Joint-venture salmon farming company Loch Long Salmon Ltd. (LLS) has announced plans to introduce a number of semi-closed production systems in Scotland, with the first harvests expected in 2024.

LLS’s semi-closed systems are designed to improve the health and welfare of its farmed stock by excluding sea lice and therefore preventing the parasites from establishing a breeding population on the salmon, it said. The farming enclosures will separate the fish from the ocean environment by surrounding the farm with an impermeable bag. 

Deep water free from juvenile sea lice and harmful plankton will be pumped into the farming enclosure via energy efficient low-head pumps. Oxygen will be added to the water as required. 

These systems will also catch most of the organic waste, pump it ashore, and concentrate it into a valuable resource – potentially for use as an on-land fertilizer or in anaerobic digestion energy production.

According to Stewart Hawthorn, an LLS director and the former farming director at Dawnfresh, semi-closed systems have been used in Norway for more than eight years, and have showed success after many farming cycles.

“Our philosophy is that we should eliminate rather than treat the problem – and we can do that with these systems,” he said. “By using this type of farming system, we will have healthier fish that do not need to be constantly treated for sea lice. This means that the fish can be left to grow in a stress-free, clean environment.”

Five farming locations have already been identified by LLS where semi-closed farming systems can be deployed to grow fish from smolt transfer through to harvest size. Its first farm will be in Loch Long – at a site called Beinn Reithe.

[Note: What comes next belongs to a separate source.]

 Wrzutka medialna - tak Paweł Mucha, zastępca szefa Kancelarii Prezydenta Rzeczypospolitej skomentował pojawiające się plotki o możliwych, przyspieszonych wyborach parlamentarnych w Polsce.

Hawthorn told SeafoodSource that the plan is to have a maximum allowed biomass (MAB) of 4,000 metric tons (MT) at the site. LLS has been granted a Crown Estate Scotland Lease Option Agreement, and has also completed the Scottish Environment Protection Agency (SEPA) pre-screening process. 

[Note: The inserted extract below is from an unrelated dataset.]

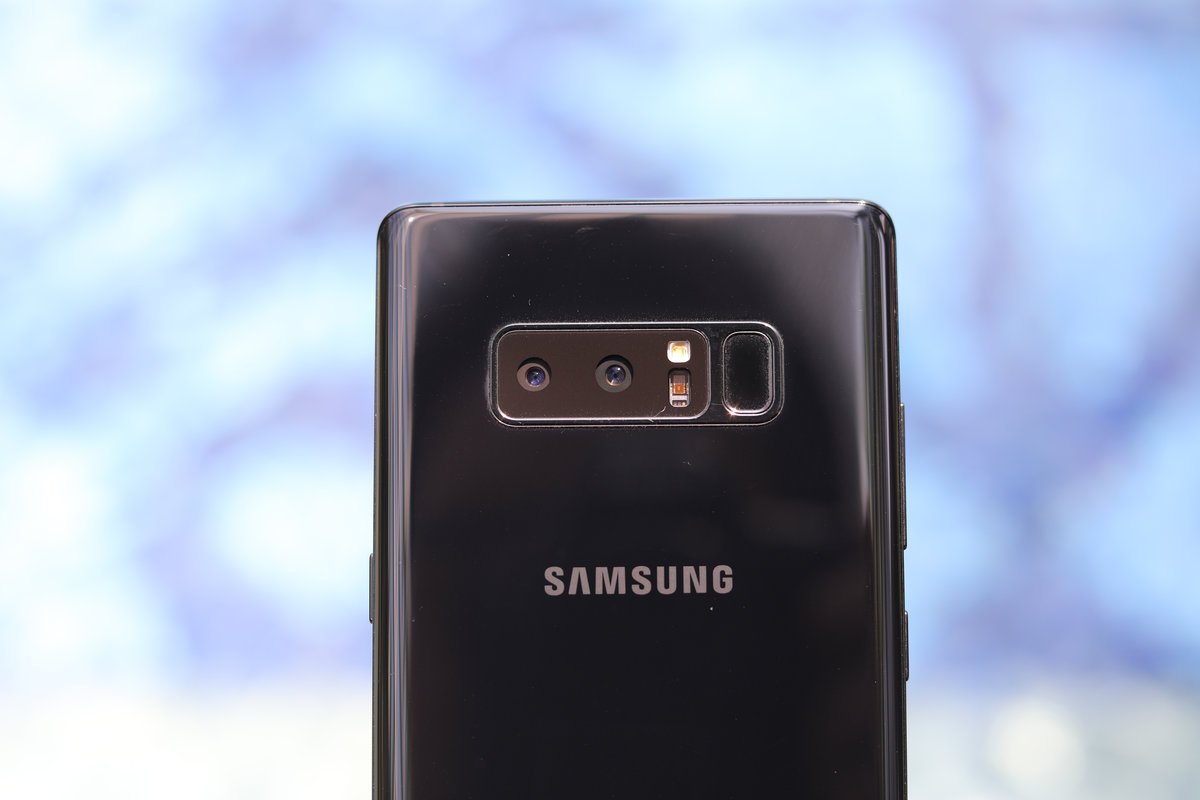 Kesan Pertama Melihat Langsung Samsung Galaxy Note 8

“We will apply for the CAR [Controlled Activities Regulations] discharge license later this year, then the formal planning application will be submitted in 2021,” Hawthorn said.

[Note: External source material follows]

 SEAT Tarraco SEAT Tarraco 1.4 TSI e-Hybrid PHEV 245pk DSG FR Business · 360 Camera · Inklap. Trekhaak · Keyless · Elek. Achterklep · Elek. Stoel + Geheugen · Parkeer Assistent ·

Beinn Reithe’s construction will take place in 2022, with the first stocking in the first quarter of 2023. The first harvest will be early 2024. The plan is to be stocking the fifth farm in the second quarter of 2025. 

LLS has engaged corporate finance advisory firm Johnston Carmichael to assist in raising the first tranche of GBP 3 million (USD 3.9 million, EUR 3.3 million) to support the initial phase of development. The company was established by aquaculture services company Trimara Services in partnership with Simply Blue Aquaculture, part of blue economy developer, Simply Blue Energy, to be Scotland’s first fully-integrated salmon farming business exclusively using semi-closed farming systems. The objective is to establish a company that can raise 15,000 to 20,000 MT of salmon annually.

“Based on the site development plan, we will be harvesting planned biomass on a consistent annualized basis by the end of 2024, [or] beginning of 2025,” Hawthorn said.

He added that while LLS has not developed a detailed sales and marketing plan at this stage, its financial model is based on achieving average returns for commodity fish. 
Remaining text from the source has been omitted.